Pourtant, dans sa condamnation par la dégénérescence, Scorsese ne peut s’empêcher de laisser subsister une dose d’ambivalence. On éprouve une certaine nostalgie quand, à la toute fin du film, on nous montre Henry condamné à mener une vie normale, et médiocre[v]. Pourtant, on ne peut pas non plus pleinement regretter le prétendu paradis dans lequel il vivait, où la décoration était aussi vulgaire que ses maîtresses. Néanmoins, certaines traditions de l’Ancien Monde y persistaient, comme la bonne cuisine, l’importance et la convivialité des repas. De la nouvelle vie qu’il obtient sous la protection du FBI, il dira : « Après être arrivé ici, j’ai commandé des spaghettis à la sauce marinara et on m’a donné des nouilles au ketchup. »[vi] Ces paroles font partie des dernières qu’il prononce : elles paraissent anecdotiques, mais elles sont en réalité lourdes de sens. Elles permettent de jeter un regard rétrospectif sur tout le film et de lui attribuer la dimension d’un changement historique. La mafia italienne, malgré tous ses défauts, servait de rempart au rouleau compresseur de l’American way of life. Elle contribuait à sauvegarder des traditions riches, épaissies dans le temps, précieuses, et qui, en définitive, rendaient plus heureux. La figure patriarcale du parrain (Paul Sorvino) prônait des codes moraux que n’ont pas respectés les trois frappes (Joe Pesci, De Niro, Ray Liotta). De même que le surgissement du capitalisme (incarné par Lopakhine) entraîne la destruction de la Cerisaie tchékhovienne, l’arrivée de la drogue conduit à la dissolution de la mafia italienne et à l’effondrement des valeurs que, bon gré mal gré, elle préservait.

 



[i] “To me, it meant being somebody in a neighborhood that was full of nobodies. They weren’t like anybody else. I mean, they did whatever they wanted. They double-parked in front of a hydrant and nobody ever gave them a ticket. In the summer when they played cards all night, nobody ever called the cops.”

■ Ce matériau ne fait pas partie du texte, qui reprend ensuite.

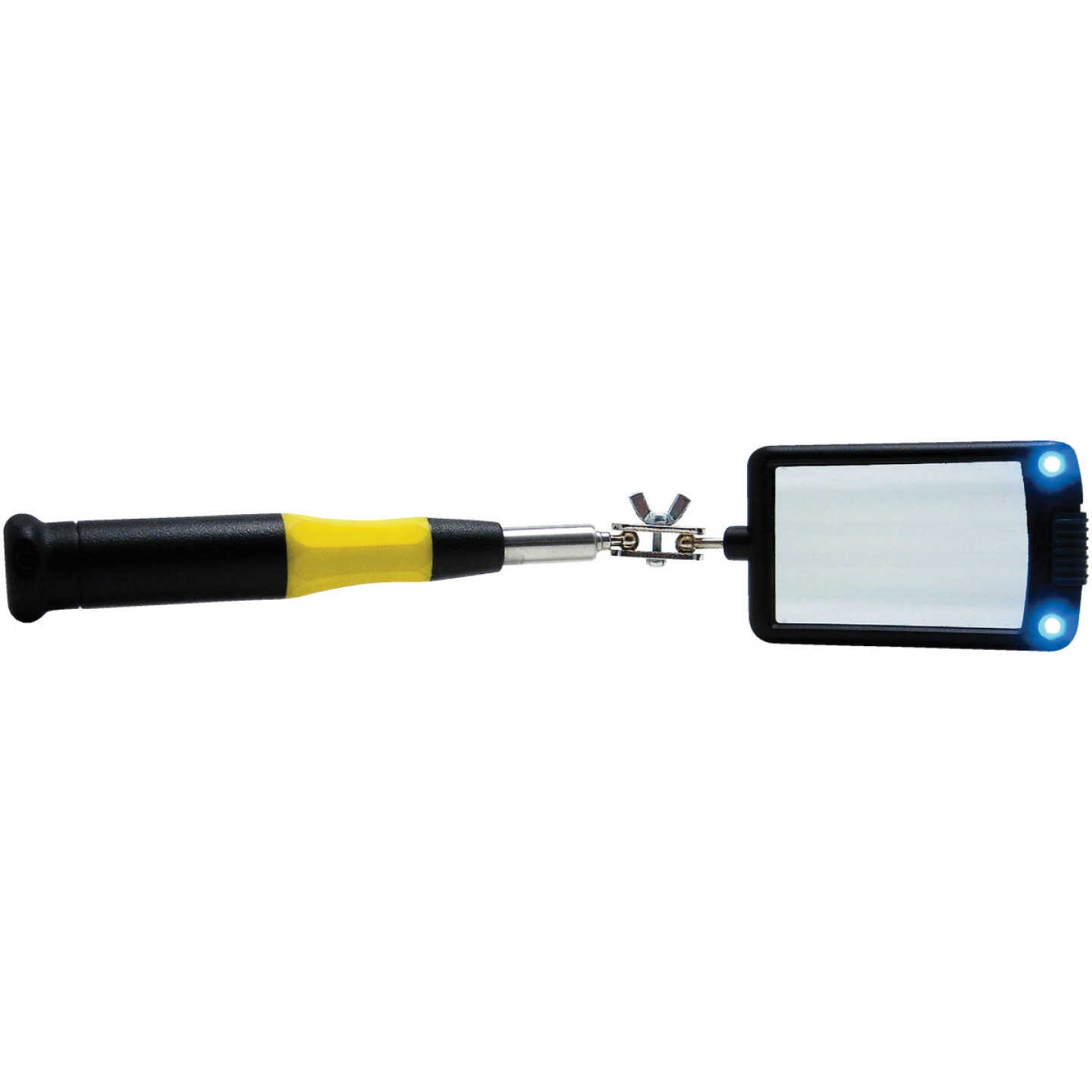 General Tools 2 In. x 3 In. Lighted Rectangular Inspection Mirror Image 1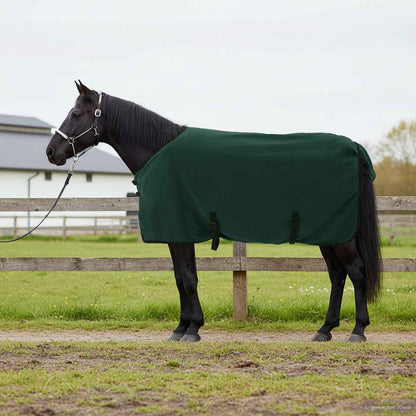 Horse Blanket Full Dark Green 105 cm Polyester Fleece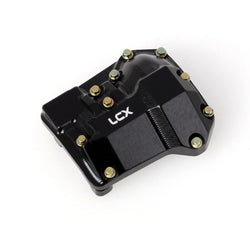 LCX Racing 1/10 RC Crawler Aluminum Front Rear Axle Differential Cover for Traxxas TRX4 TRX6 Upgrades Parts Accessories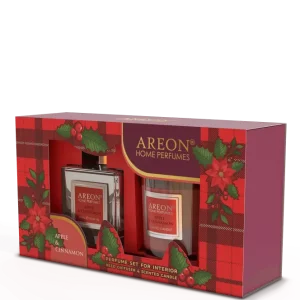 عطر 150 مل تفاح و القرفة+ شمعه تفاح وقرفة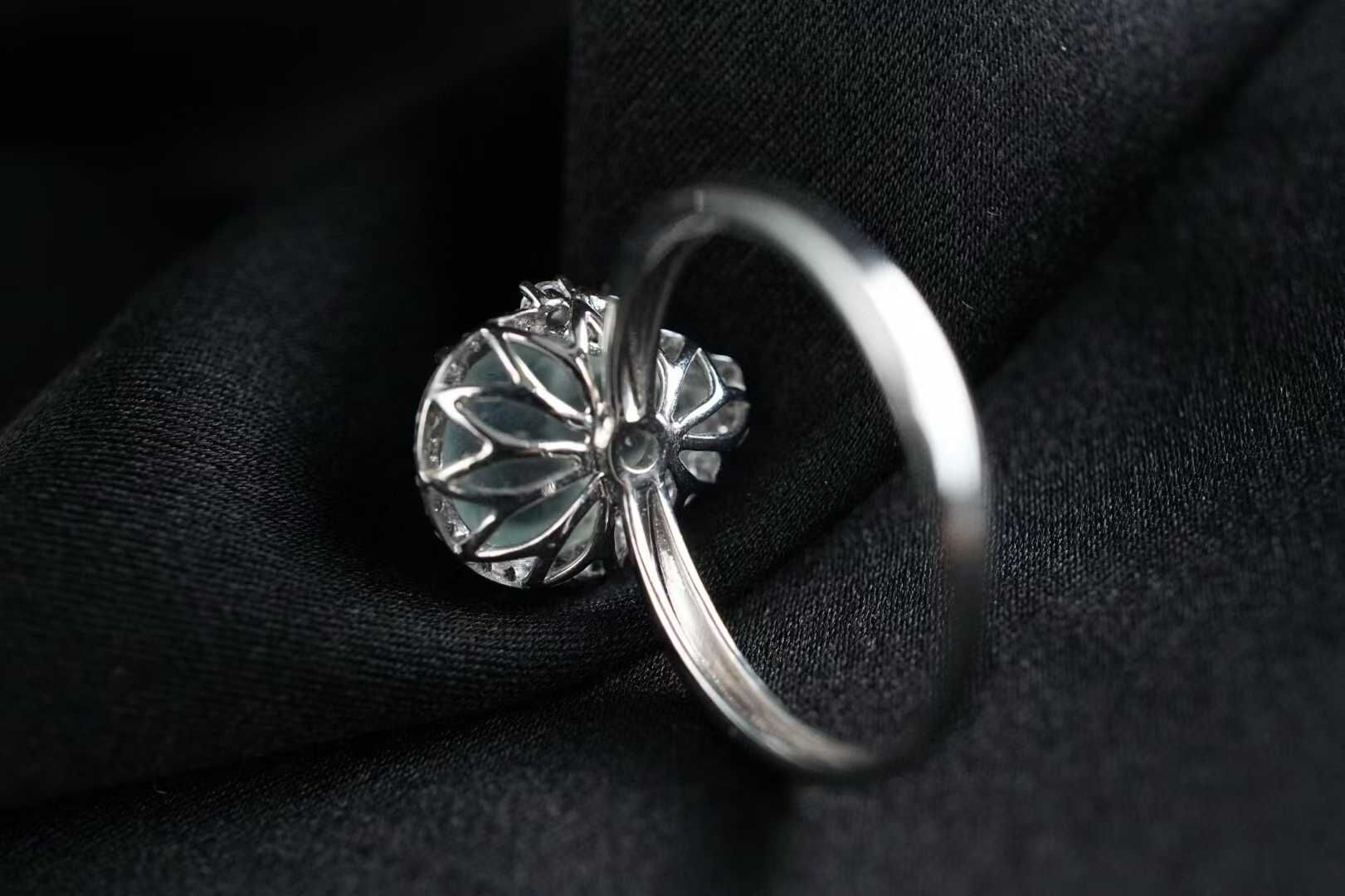 97816 翡翠冰種翡葫蘆戒指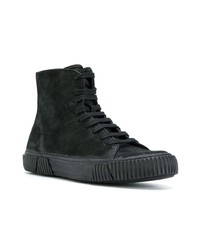 schwarze hohe Sneakers aus Wildleder von Both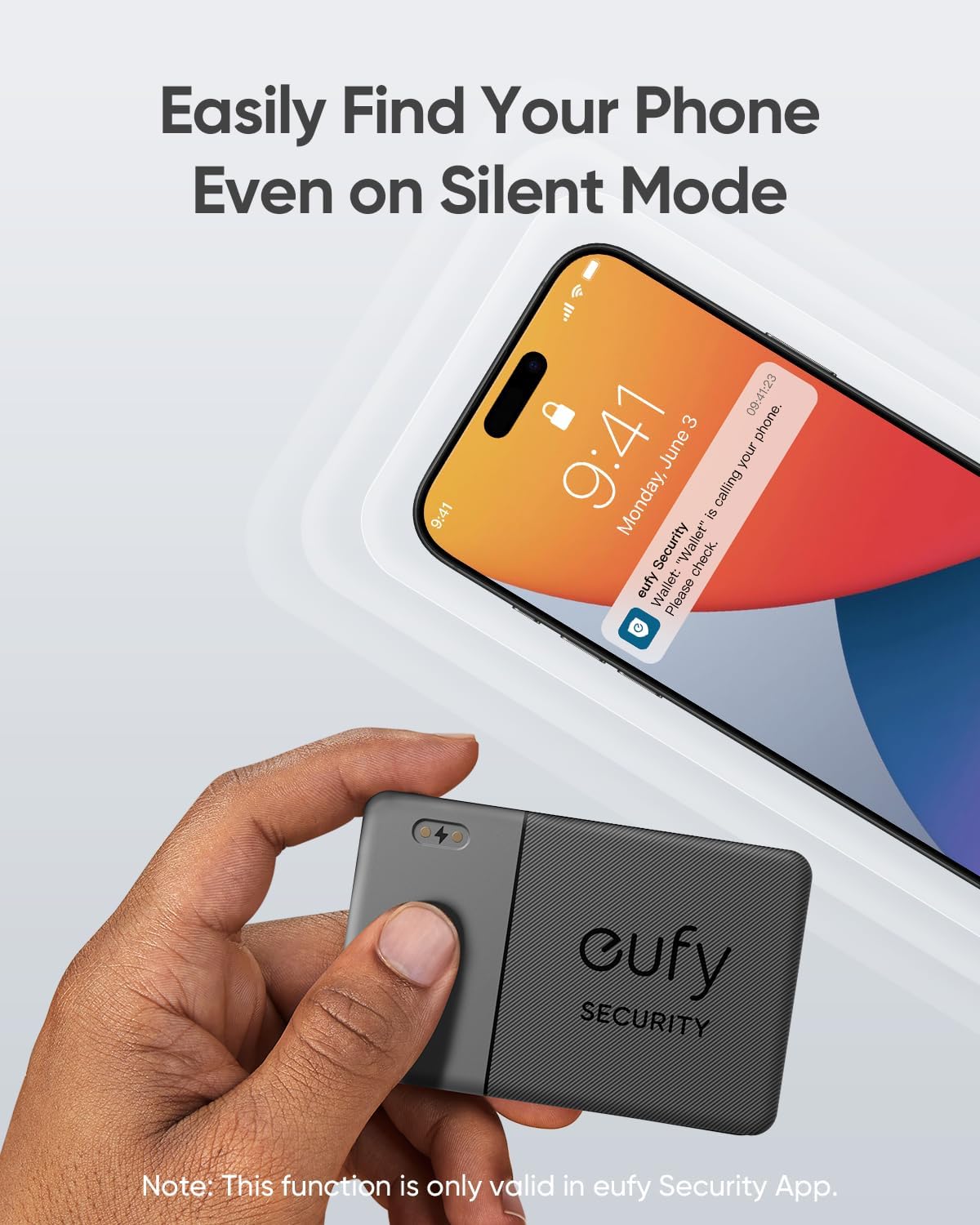 Thumbnail 8 de eufy Security SmartTrack E30 👜📱 Recargable, Resistente, iOS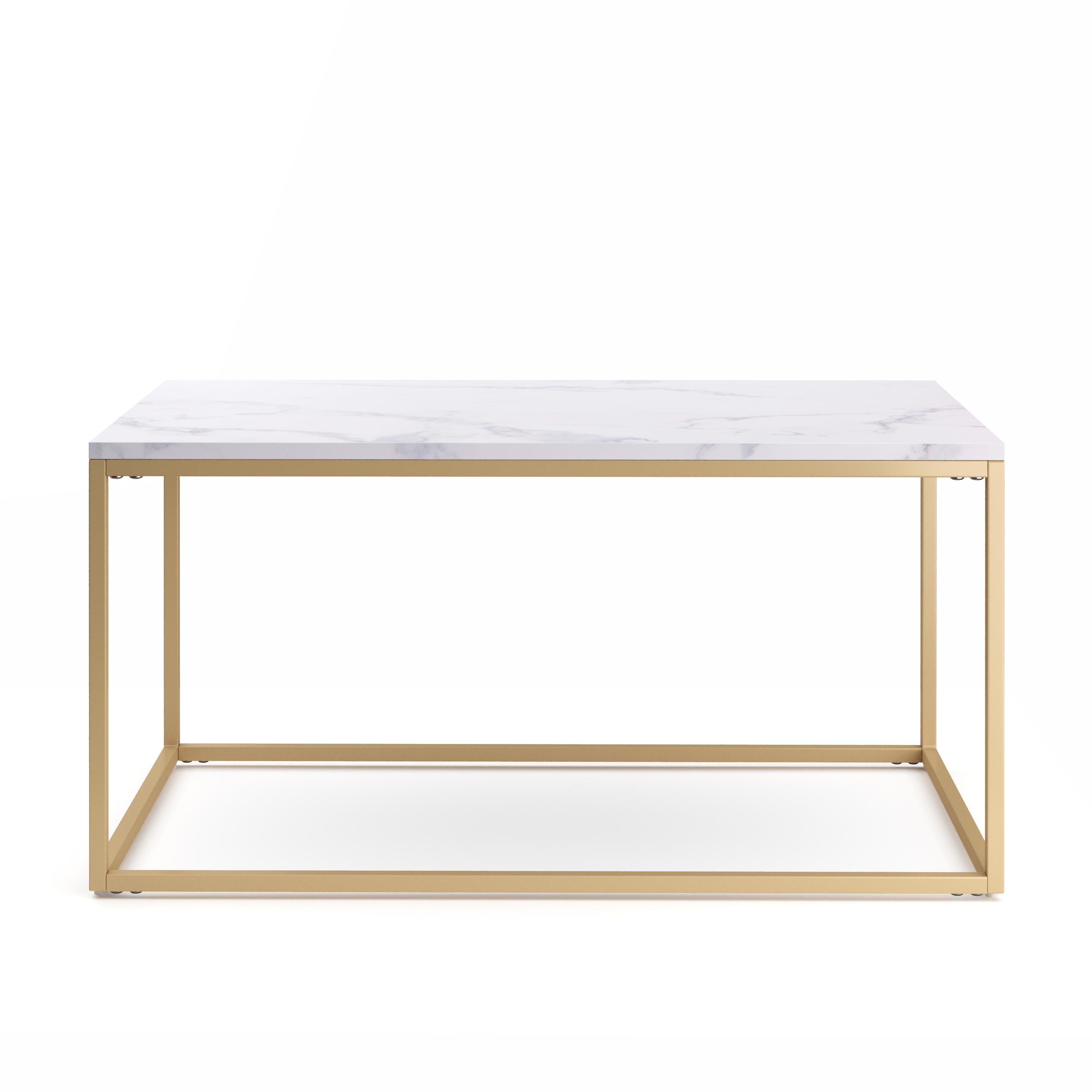 Beistelltisch ZARA weiss/gold
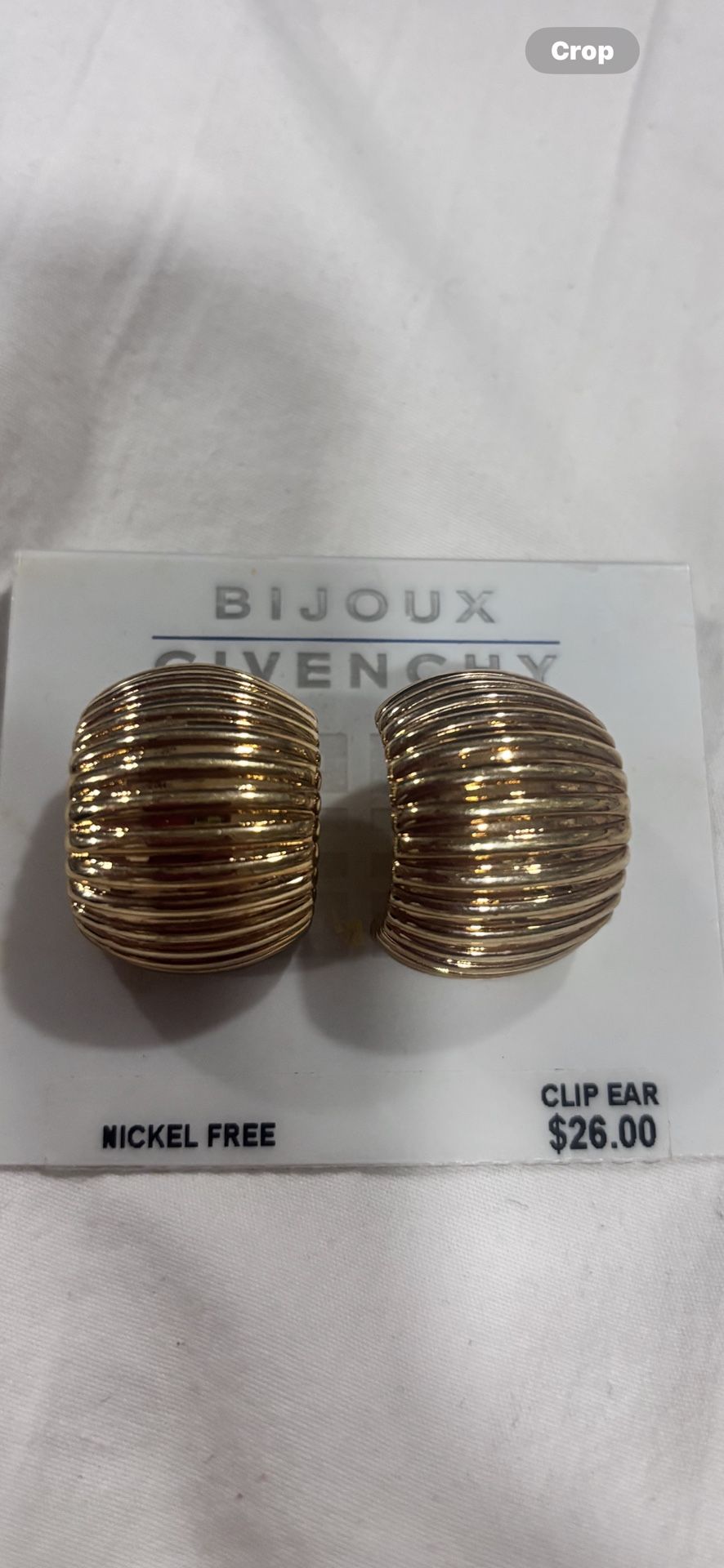 Vintage Givenchy Gold-Tone Clip-On Earrings - photo 2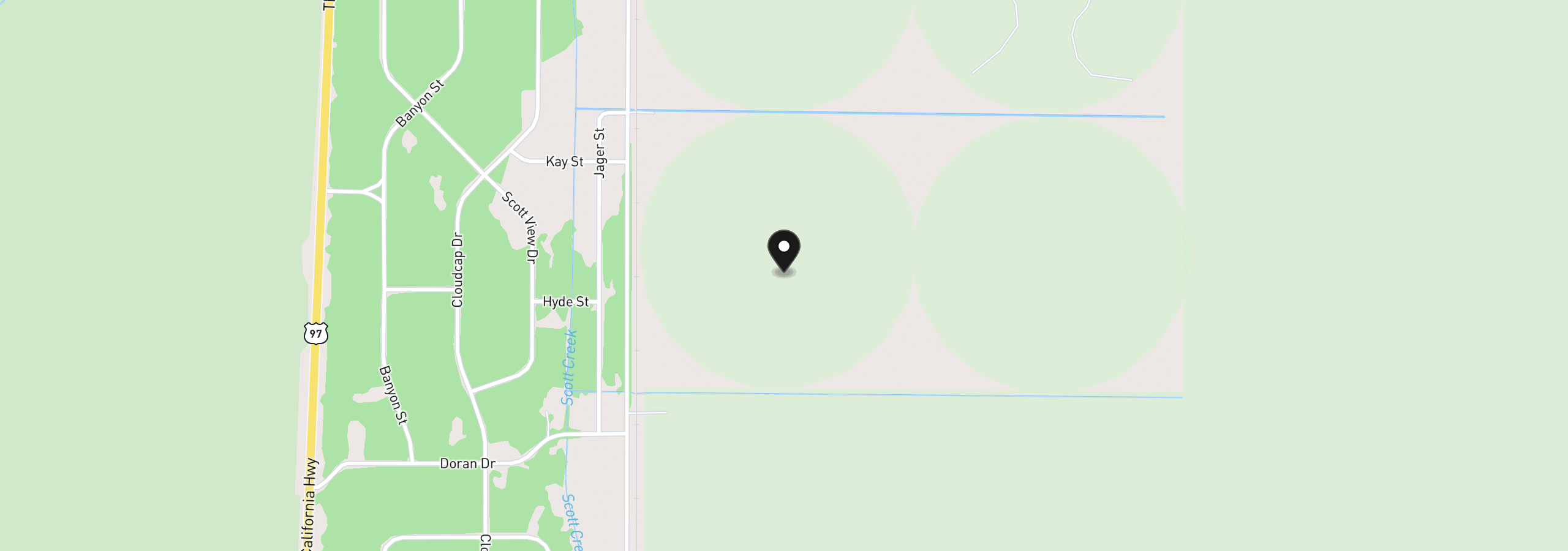 Map showing the location of 0 No Situs, Chiloquin, OR 97624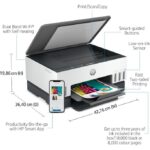 HP Smart Tank 670 All-in-One Printer – Print, Scan, Copy, Wireless, High-Yield Ink System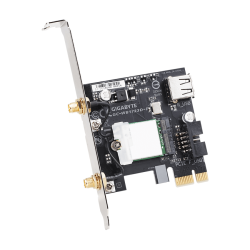 Безжичен PCI Express адаптер Gigabyte GC-WB1733D-I, 2x2 802.11ac 160MHz, Bluetooth 5.0 Безжичен PCI Express адаптер Gigabyte GC-WB1733D-I, 2x2 802.11ac 160MHz, Bluetooth 5.0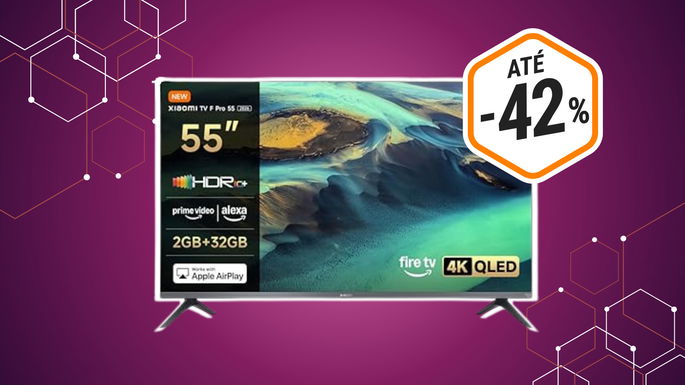 XIAOMI TV F Pro 55 com descontos de até 26%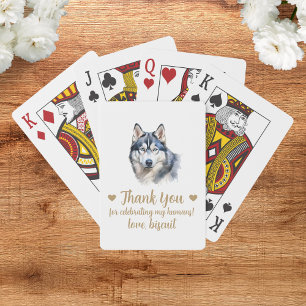 Dog Wedding Favor Playing Cards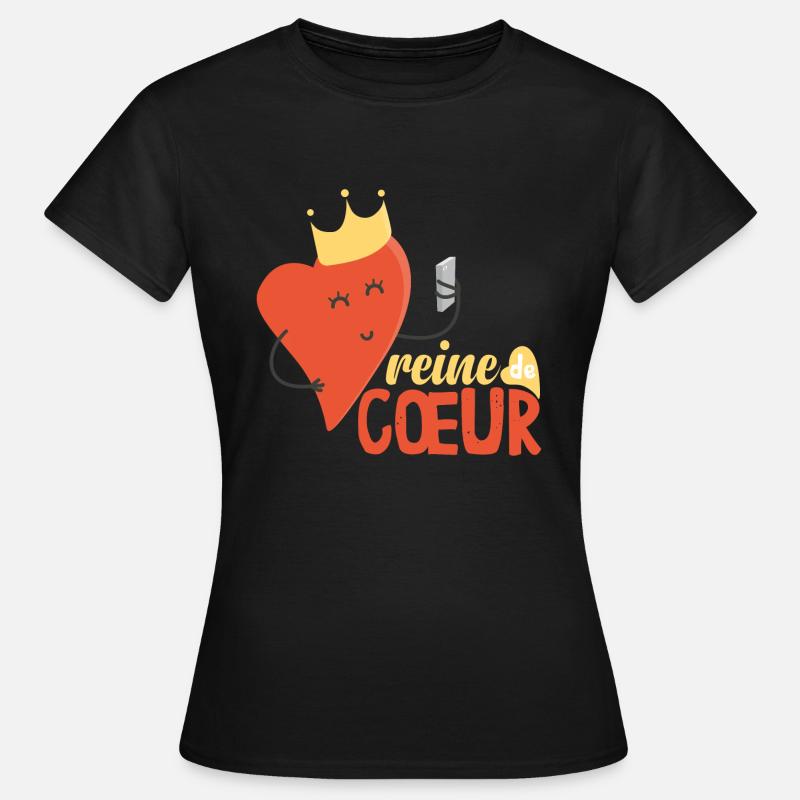 Regina di Cuori! - Maglietta da donna - nero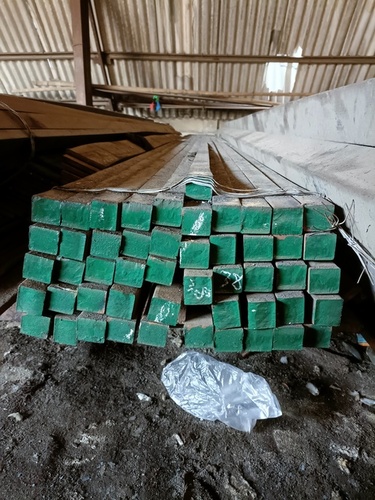 M.S. Square Bright Bar - 32 x 12 mm Size, 6 Meter Length | Industrial Usage, Improved Surface by Drawing, Peeling or Grinding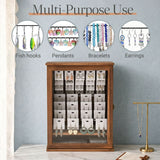 #WD5100BR 8 Metal Rods Jewelry, Keychain, Fishing Lure Cabinet
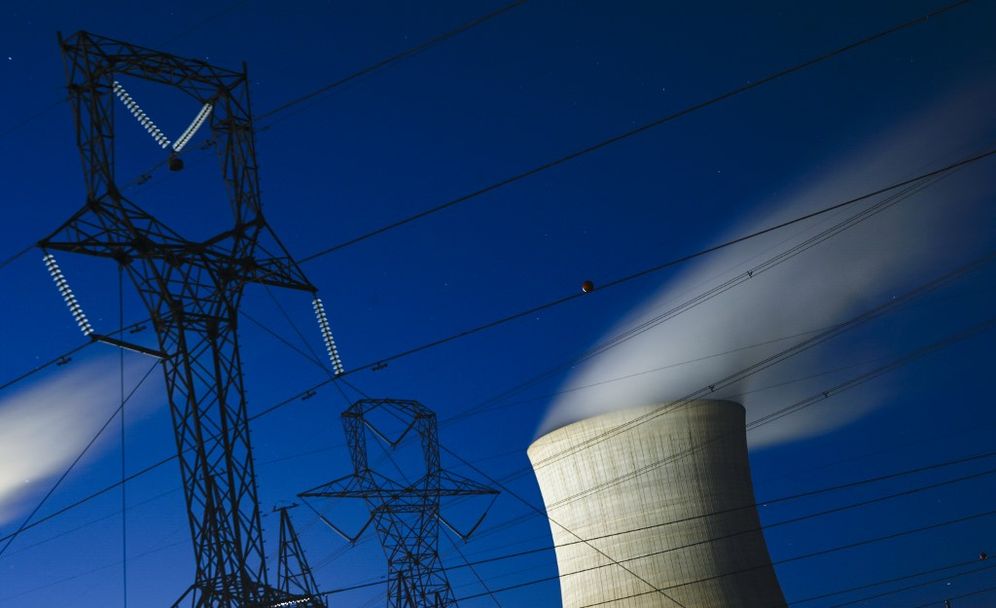 Coal steam rises from the Miller Power Plant in Adamsville, Alabama, US, on April 11, 2021.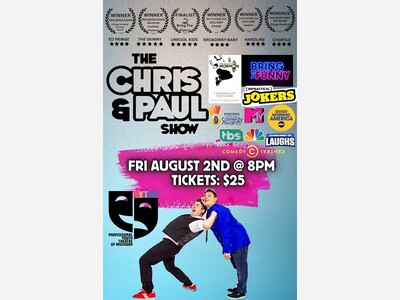 NBC “BRING THE FUNNY” FINALISTS THE CHRIS AND PAUL SHOW  MAKE PYTMI DEBUT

[ii] Une vision des choses dont on n’a bien conscience qu’elle ne pourra pas être qualifiée de progressiste, du moins pas au sens de Daniel Cohn-Bendit, du journal d’Édouard de Rothschild, ou de la sociologie d’État.

[iii] “I know there are women, like my best friends, who would have gotten out of there the minute their boyfriend gave them a gun to hide. But I didn’t. I got to admit the truth. It turned me on.”

[iv] “Attacking the audience. I remember talking about it at one point and saying, “I want people to get infuriated by it.” I wanted to seduce everybody into the movie and into the style. And then just take them apart with it. I guess I wanted to make a kind of angry gesture.”, in Richard Schickel, Conversations with Scorsese, Alfred A. Knopf, New York, 2011.

[v] Les dernières paroles qu’ils prononcent en voix off : “I'm an average nobody. I get to live the rest of my life like a schnook.”

[vi] “After I got here I ordered spaghetti with marinara sauce and I got egg noodles with ketchup.”